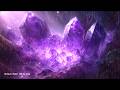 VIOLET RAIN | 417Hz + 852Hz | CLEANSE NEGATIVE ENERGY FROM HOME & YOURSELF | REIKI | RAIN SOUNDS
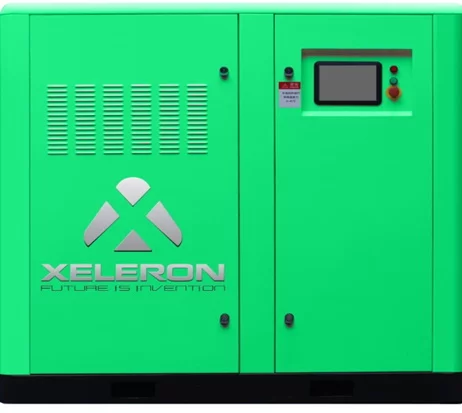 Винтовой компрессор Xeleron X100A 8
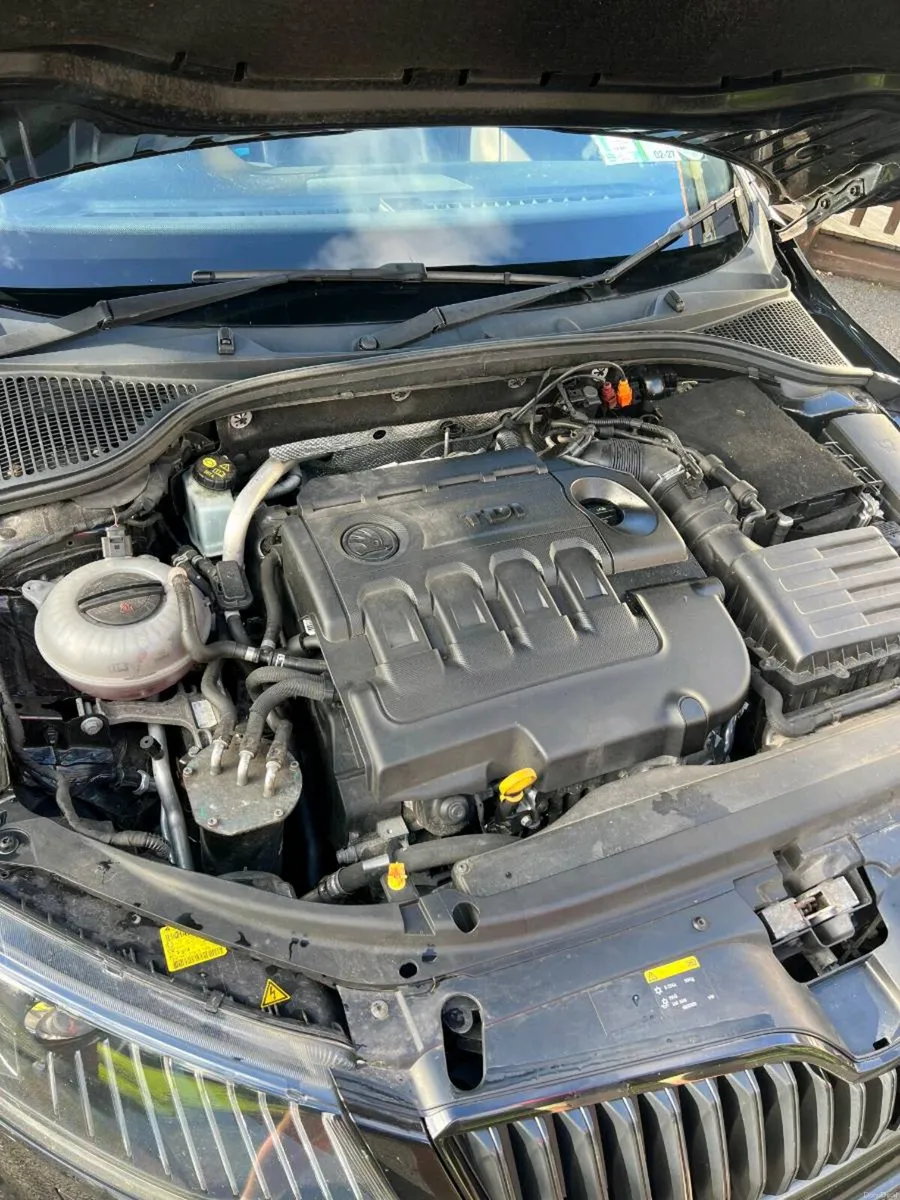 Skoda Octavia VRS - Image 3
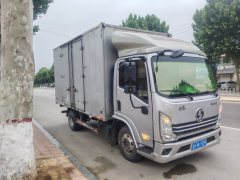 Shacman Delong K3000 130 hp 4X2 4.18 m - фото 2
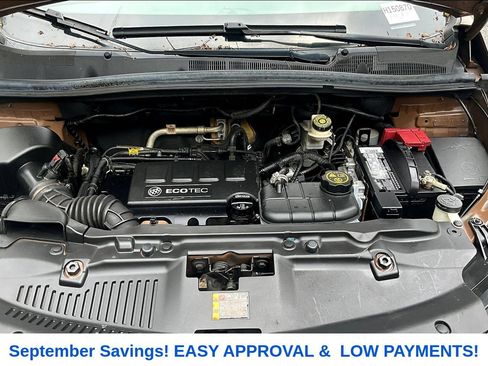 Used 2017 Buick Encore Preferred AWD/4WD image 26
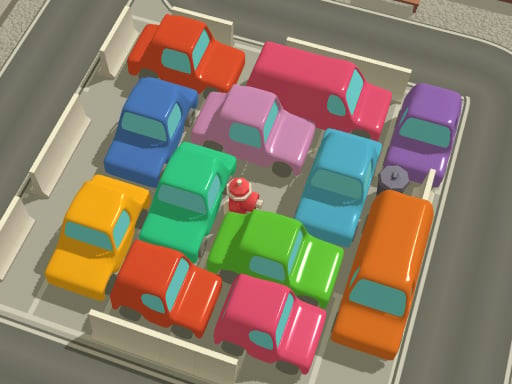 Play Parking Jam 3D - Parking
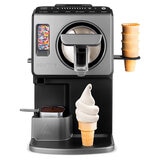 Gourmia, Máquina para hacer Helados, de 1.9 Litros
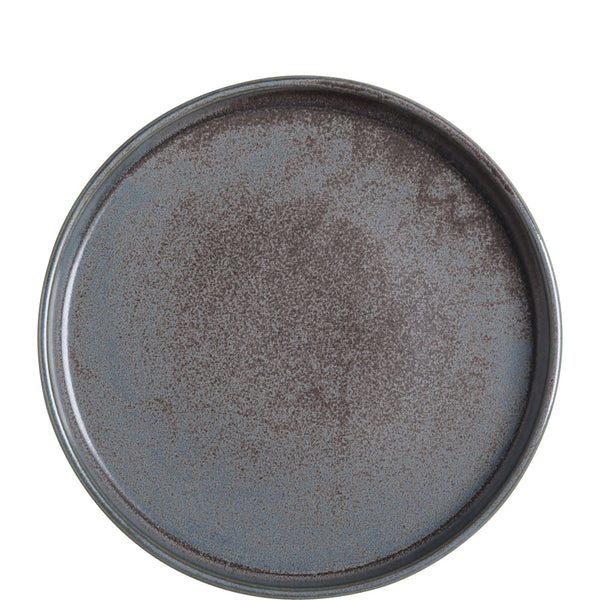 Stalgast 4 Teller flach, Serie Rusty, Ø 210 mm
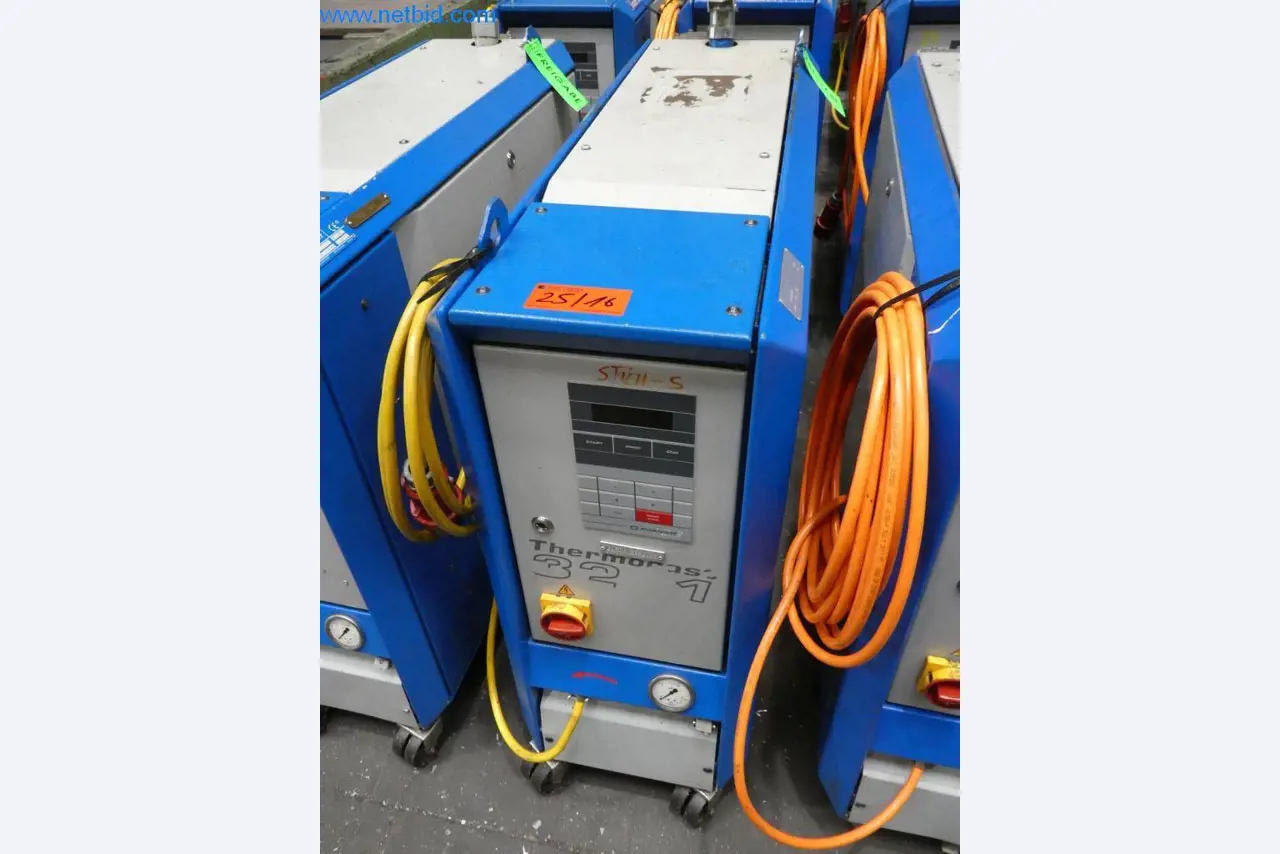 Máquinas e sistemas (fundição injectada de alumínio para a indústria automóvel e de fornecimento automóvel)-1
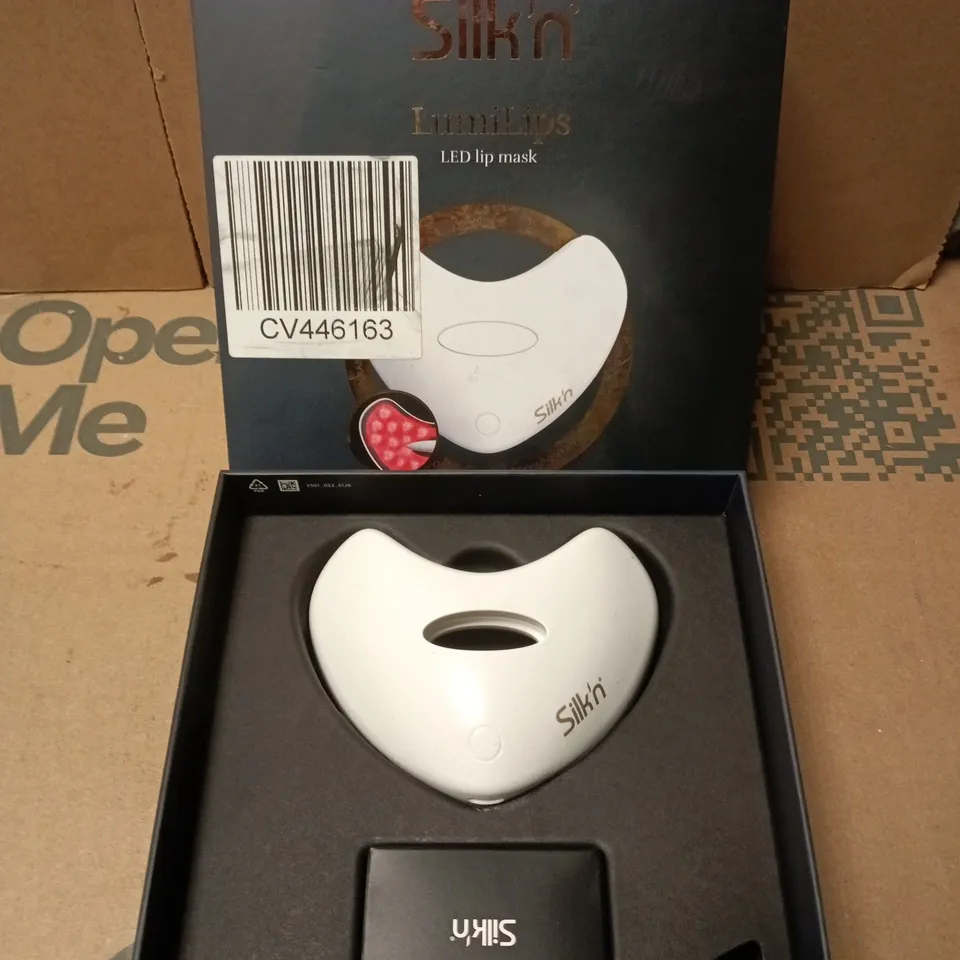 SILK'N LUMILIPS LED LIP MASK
---
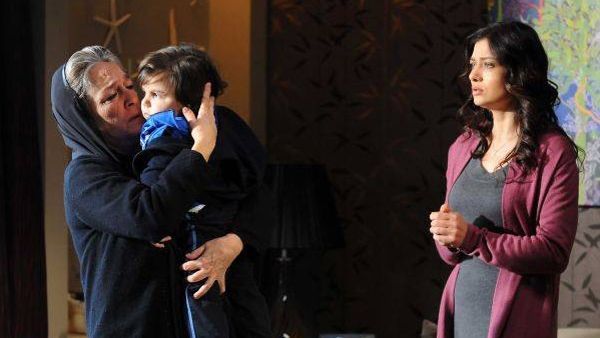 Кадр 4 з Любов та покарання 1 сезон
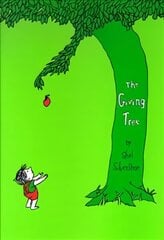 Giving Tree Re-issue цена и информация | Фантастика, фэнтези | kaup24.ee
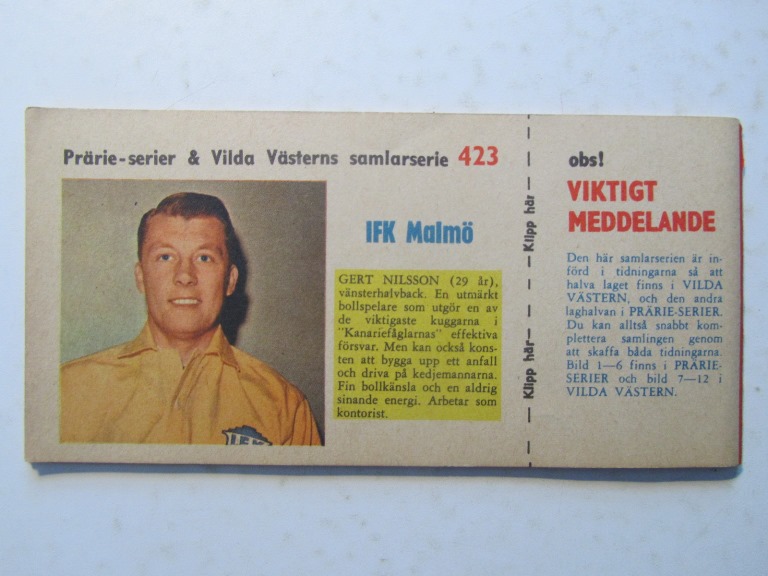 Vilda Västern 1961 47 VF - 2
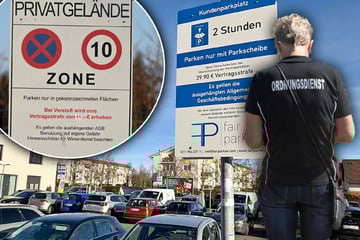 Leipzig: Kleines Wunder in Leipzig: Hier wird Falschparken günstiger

→ **Required action**: An exact copy is needed. It runs from the line above containing "Vilda Västern 1961 47 VF - 2" down to the line containing "Leipzig: Kleines Wunder", both included, with no pictures.

→ **Solution**:
 Vilda Västern 1961 47 VF - 2
 Leipzig: Kleines Wunder in Leipzig: Hier wird Falschparken günstiger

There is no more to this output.